▶ EXERCISE BRIEF
Give back every line of the data exactly. Pictures are not part of the copy.

▶ RECORDS PROVIDED
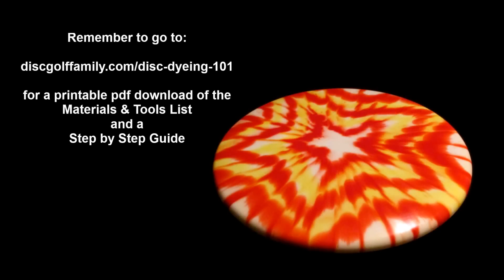Remember to go to discgolffamily.com/disc-dyeing-101 for a free printable PDF download of the materials and tools list and a step-by-step guide. You can get to this page by clicking the link below in the description section.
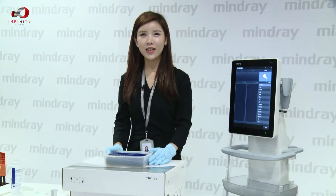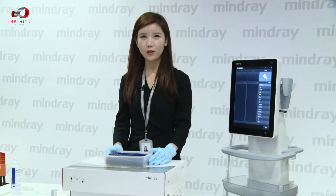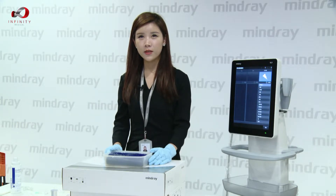Hello everyone. Today I would like to show everyone how to perform the E-spatial Navy function. Before we start, we need to prepare the environment for the demonstration.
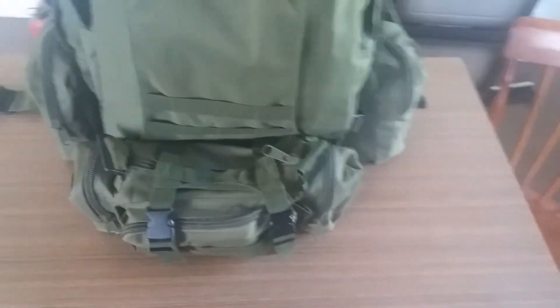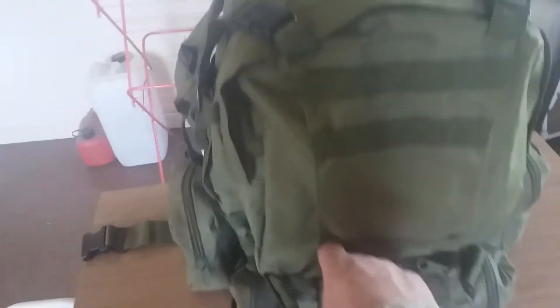There's loads of MOLLE on it everywhere and straps. This bag — in fact the three bags — can come off and go onto a belt and be carried either over your shoulder or as a waist pack. But as I say there's loads of MOLLE everywhere.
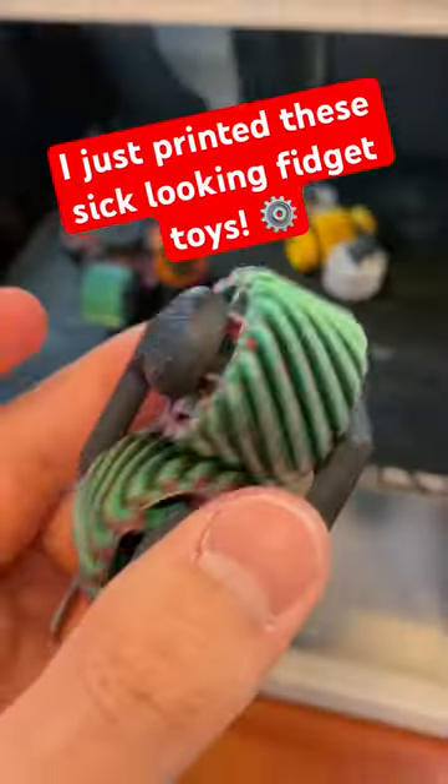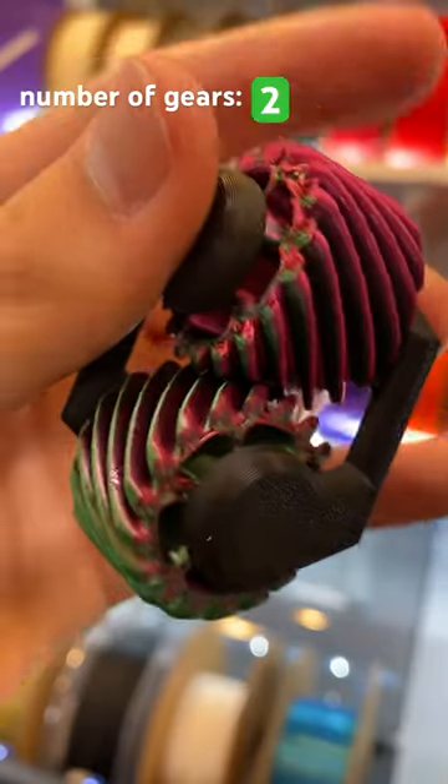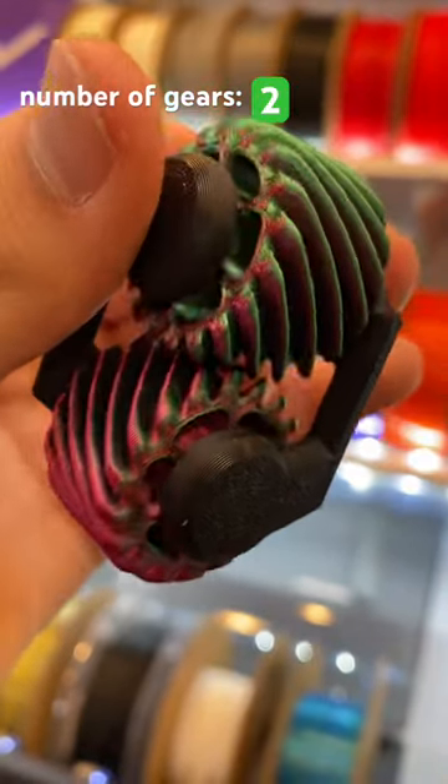I just printed these sick looking fidget toys. The first one has two interlocking gears that can be spun by hand, both of which were printed with a dual color filament for added effects.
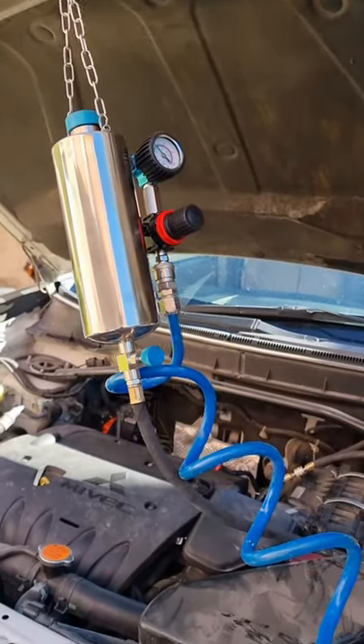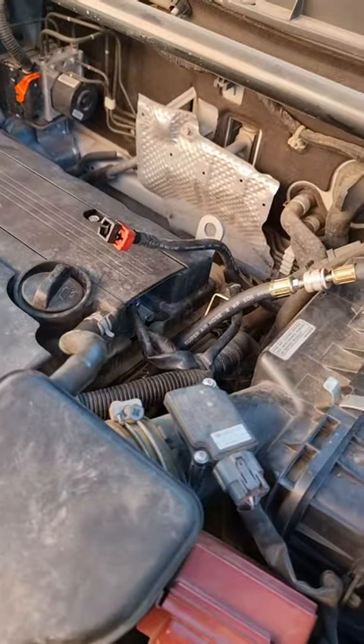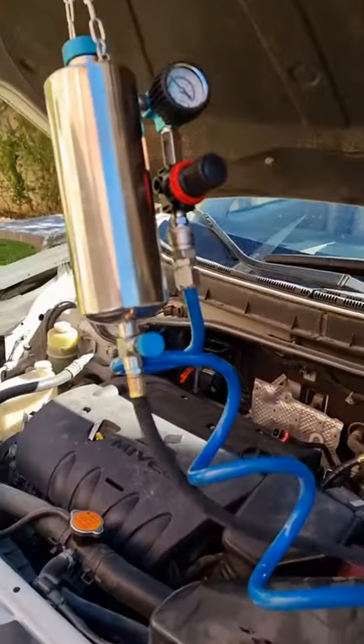Hey, it's Alimek. Just wanted to show you quickly how I clean fuel injectors without removing them, using the O2C-100 kit. You basically remove the fuel pump fuse, disconnect the fuel feeding hose on the fuel rail, and connect the cleaner hose. Already filled the canister with cleaner and regulate the pressure to 60 psi.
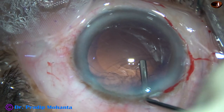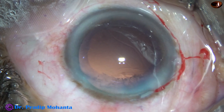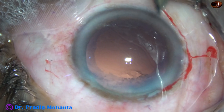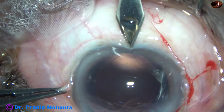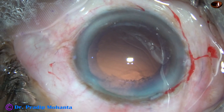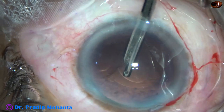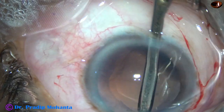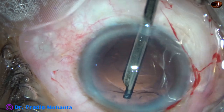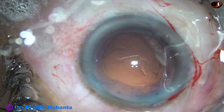We have to spend some more quality time for this patient. Very little cortex inferiorly, but superiorly from 11 o'clock to 1 o'clock there is a lot of cortex. For this, I am going to make another side port at 6:30 o'clock. Through this side port goes the 23-gauge Simcoe. Simcoe is very friendly when you have zonular weakness because you can use very low to adequate vacuum — control is much more with this instrument. And the cortex is nicely cleaned.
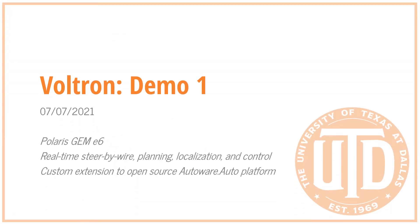In this video I'd like to share and discuss the completion of our first major milestone for the autonomous platform we call Voltron. This is a full-scale electric vehicle that uses a software stack that's an extension of the open-source Autoware platform. What we accomplish in this milestone is a steer-by-wire where the steering is done by computer control and the acceleration is managed manually, where we do real-time planning, localization, and control.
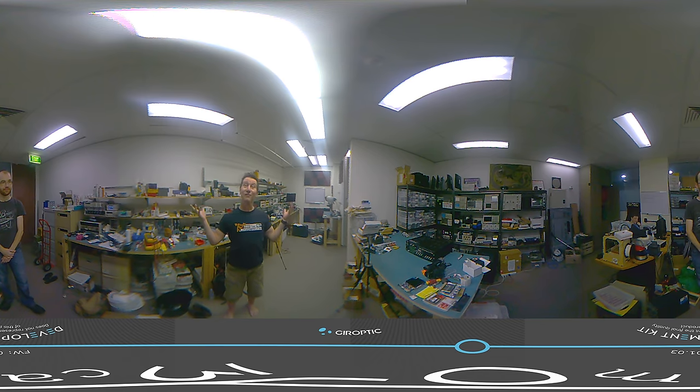You just take the file directly out of the camera, upload it to YouTube, and YouTube handles the 360 thing. It seems to work just fine. So there you go — a 360 cam from Gyroptic. See ya!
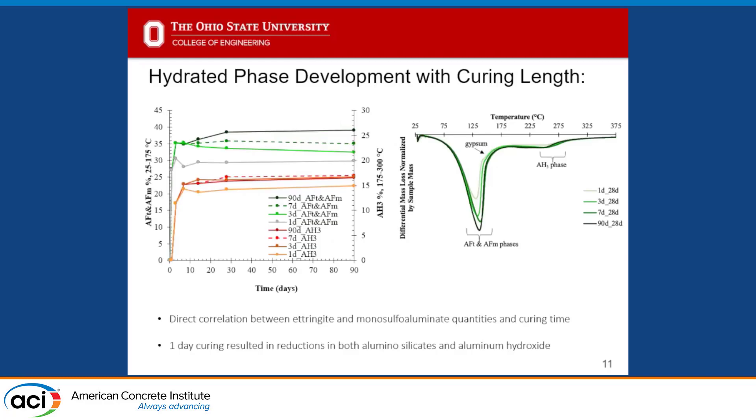For curing duration results, we assessed the area under the differential TGA curve in the regions known to break down ettringite and monosulfate — the AFt and AFm phases shown in the right-most image — and also tracked changes in the aluminum hydroxide peak. If we hydrated for more than one day, we had essentially the same aluminum hydroxide results — slightly lower only when cured for just one day. With our aluminosulfate phases, ettringite and monosulfate, we see a direct correlation between curing time and the quantity of phase formation, with the highest quantity at the longest curing period.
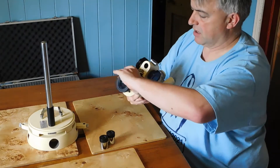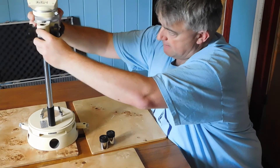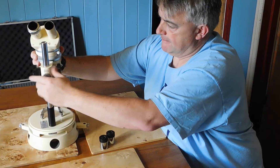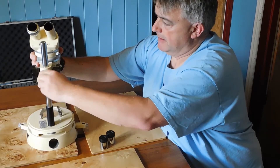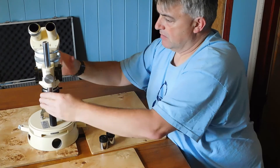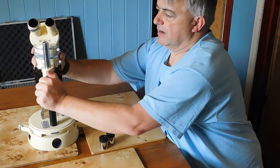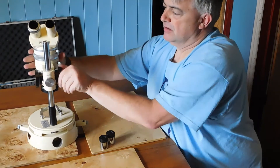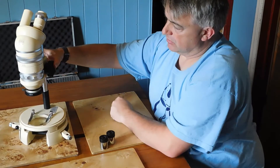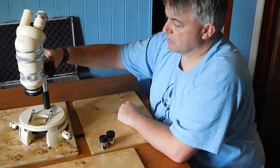We now take the main scope and you can undo this here and that will slide down. We'll do that up, and if we get that nice and tight, the scope will actually sit nicely there on the top of the base and we're ready to use the microscope.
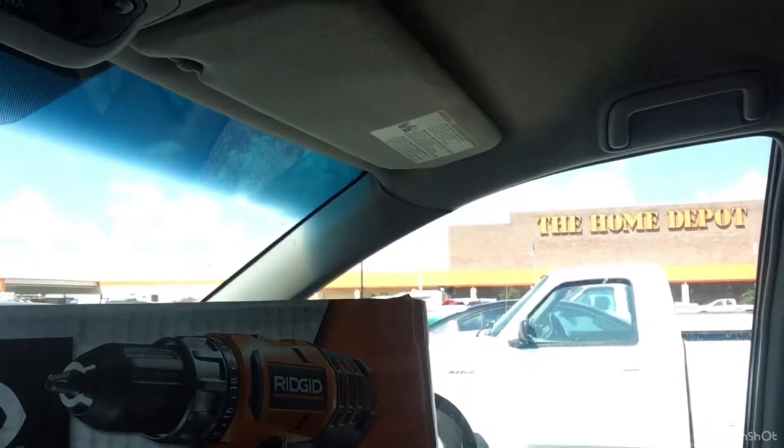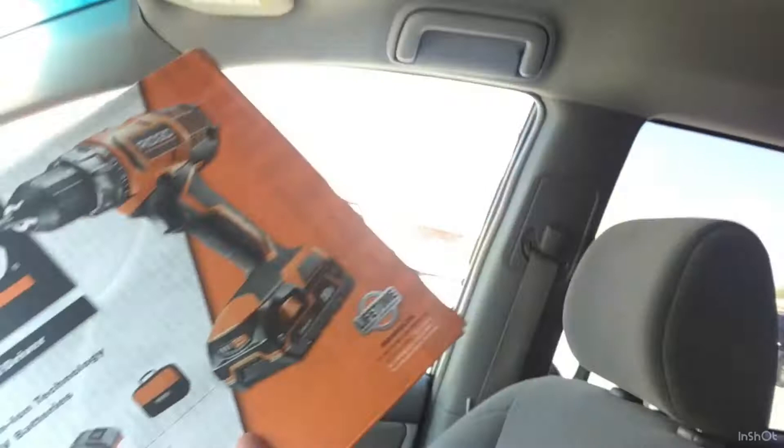Hey guys, here with another quick update at Home Depot. Just said goodbye to Tom a little while ago and bought some new tools. I've got a Ridgid drill — it's guaranteed for life and comes with two batteries. That was Tom's recommendation. I also got a five-piece reversible wrench set. Pretty jazzed about both of those. Looking forward to getting started on the tail kit here pretty soon.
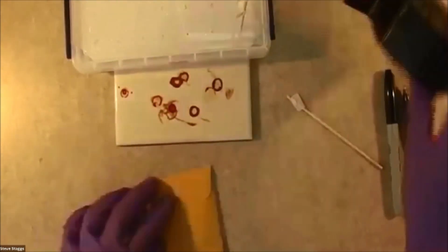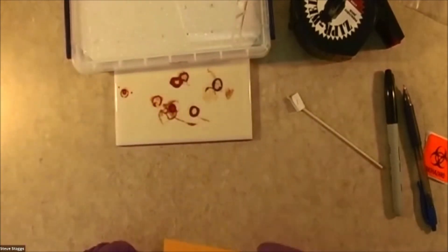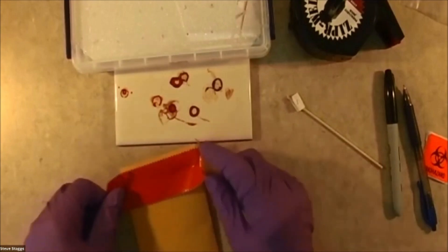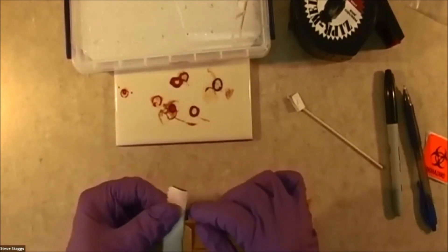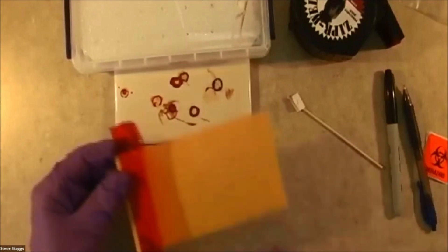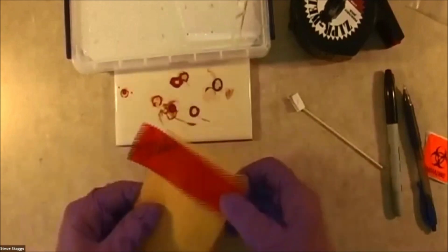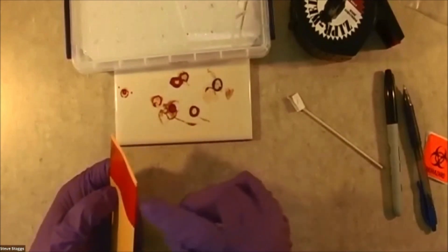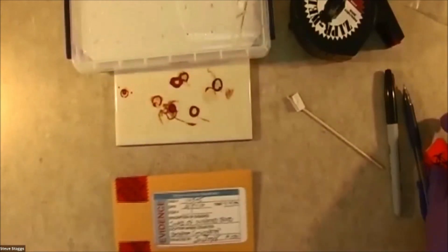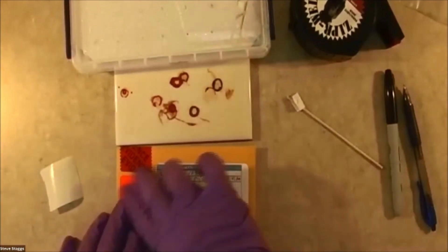I'm going to use our evidence tape. The evidence tape should be just a little bit longer than the width of your opening. I've got it completely sealed. And then because this is suspected bloodstain, I'm going to take my biohazard sticker and apply it.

▶ REPLY TO THE TASK
Remember to go to discgolffamily.com/disc-dyeing-101 for a free printable PDF download of the materials and tools list and a step-by-step guide. You can get to this page by clicking the link below in the description section.
Hello everyone. Today I would like to show everyone how to perform the E-spatial Navy function. Before we start, we need to prepare the environment for the demonstration.
There's loads of MOLLE on it everywhere and straps. This bag — in fact the three bags — can come off and go onto a belt and be carried either over your shoulder or as a waist pack. But as I say there's loads of MOLLE everywhere.
I just printed these sick looking fidget toys. The first one has two interlocking gears that can be spun by hand, both of which were printed with a dual color filament for added effects.
Hey, it's Alimek. Just wanted to show you quickly how I clean fuel injectors without removing them, using the O2C-100 kit. You basically remove the fuel pump fuse, disconnect the fuel feeding hose on the fuel rail, and connect the cleaner hose. Already filled the canister with cleaner and regulate the pressure to 60 psi.
We have to spend some more quality time for this patient. Very little cortex inferiorly, but superiorly from 11 o'clock to 1 o'clock there is a lot of cortex. For this, I am going to make another side port at 6:30 o'clock. Through this side port goes the 23-gauge Simcoe. Simcoe is very friendly when you have zonular weakness because you can use very low to adequate vacuum — control is much more with this instrument. And the cortex is nicely cleaned.
In this video I'd like to share and discuss the completion of our first major milestone for the autonomous platform we call Voltron. This is a full-scale electric vehicle that uses a software stack that's an extension of the open-source Autoware platform. What we accomplish in this milestone is a steer-by-wire where the steering is done by computer control and the acceleration is managed manually, where we do real-time planning, localization, and control.
You just take the file directly out of the camera, upload it to YouTube, and YouTube handles the 360 thing. It seems to work just fine. So there you go — a 360 cam from Gyroptic. See ya!
For curing duration results, we assessed the area under the differential TGA curve in the regions known to break down ettringite and monosulfate — the AFt and AFm phases shown in the right-most image — and also tracked changes in the aluminum hydroxide peak. If we hydrated for more than one day, we had essentially the same aluminum hydroxide results — slightly lower only when cured for just one day. With our aluminosulfate phases, ettringite and monosulfate, we see a direct correlation between curing time and the quantity of phase formation, with the highest quantity at the longest curing period.
We now take the main scope and you can undo this here and that will slide down. We'll do that up, and if we get that nice and tight, the scope will actually sit nicely there on the top of the base and we're ready to use the microscope.
Hey guys, here with another quick update at Home Depot. Just said goodbye to Tom a little while ago and bought some new tools. I've got a Ridgid drill — it's guaranteed for life and comes with two batteries. That was Tom's recommendation. I also got a five-piece reversible wrench set. Pretty jazzed about both of those. Looking forward to getting started on the tail kit here pretty soon.
I'm going to use our evidence tape. The evidence tape should be just a little bit longer than the width of your opening. I've got it completely sealed. And then because this is suspected bloodstain, I'm going to take my biohazard sticker and apply it.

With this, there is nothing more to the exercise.